The act would provide new shelters and transitional housing, as well as the homeless management information system.

ST PAUL, Minn. — The Minnesota Department of Transportation cleared a homeless encampment at the intersection of East Lake Street and Hiawatha Tuesday morning, citing safety concerns along a highway right-of-way. 

At the same time, several state lawmakers and shelter providers stood at the State Capitol, urging lawmakers to pass the Pathway Home Act.

"It is an investment in our future generations," said Rep. Heather Keeler (DFL-04A), who authored the bill.

Homelessness across Minnesota has been declared a public health crisis as the number of unsheltered Minnesotans continues to rise. 

"On any given night there are about 20,000 people here in Minnesota who are experiencing homelessness, and 50,000 people will experience homelessness over the course of this year," explained Rhonda Otteson, with the Minnesota Coalition for the Homeless. 

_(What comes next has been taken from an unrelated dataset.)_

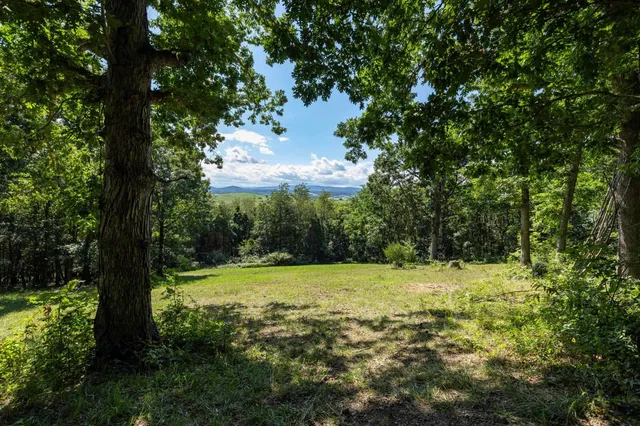 a view of a lake in middle of forest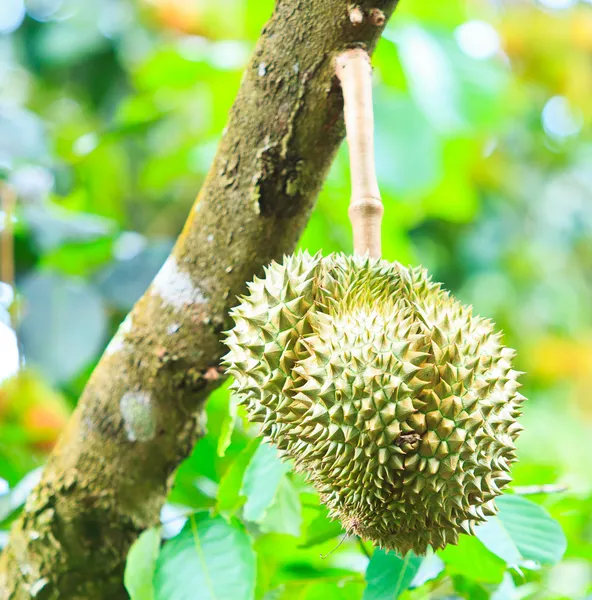 Durian Frutas tropicales — Foto de Stock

Numbers representing the lives of many in marginalized communities. 

"Indigenous people are 30 times as likely, and Black people 12 times as likely than white people to be homeless. Hundreds of young people, particularly LGBTQIA youth do not have a permanent home," said Re. Liz Reyer, (DFL-52A)

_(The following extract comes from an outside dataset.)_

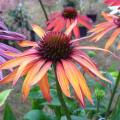 Echinac�e 'Hot Summer' -  Echinacea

Startling statistics for lawmakers and shelter providers, underlining the need to pass the Pathway Home Act. 

The act would provide new shelters and transitional housing, as well as the Homeless Management Information System (HMIS) — a database used to collect data on households experiencing or at risk of homelessness.

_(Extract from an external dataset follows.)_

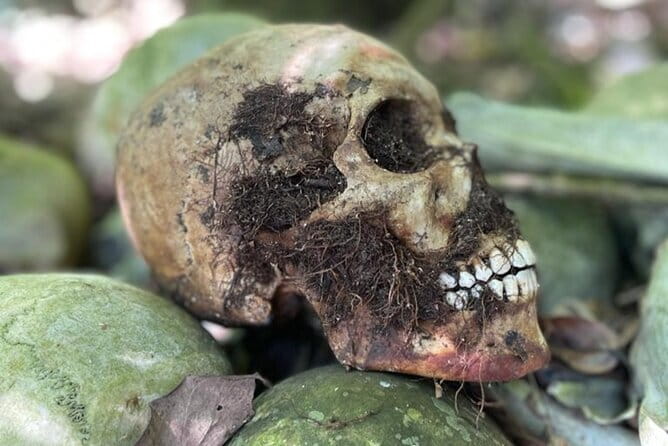Bali Private Mystic Death Tour In Trunyan - Ubud pickup, driving time, and staying comfortable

"It's a cost-effective step that reduces the need for more expensive and ongoing programming, but more importantly than that, it's our way to address the ongoing trauma that far too many people are experiencing," said Rep. Reyer. 

Trauma which Claudette McDowell is all too familiar with after losing her job and apartment in 2014.

"I never want to be homeless again, but I want to use my experience to change the system and make things better for all the people," said McDowell. 

"I urge our elected officials, please, please, please make sure this bill passes at the degree of urgency that we all are expecting and rightfully deserve," said Michael Goar, CEO of Catholic Charities. 

Providers say there are 86 projects across Minnesota that would create 3,500 shelter spaces that are ready to be funded, they're just facing a funding gap of roughly $200 million.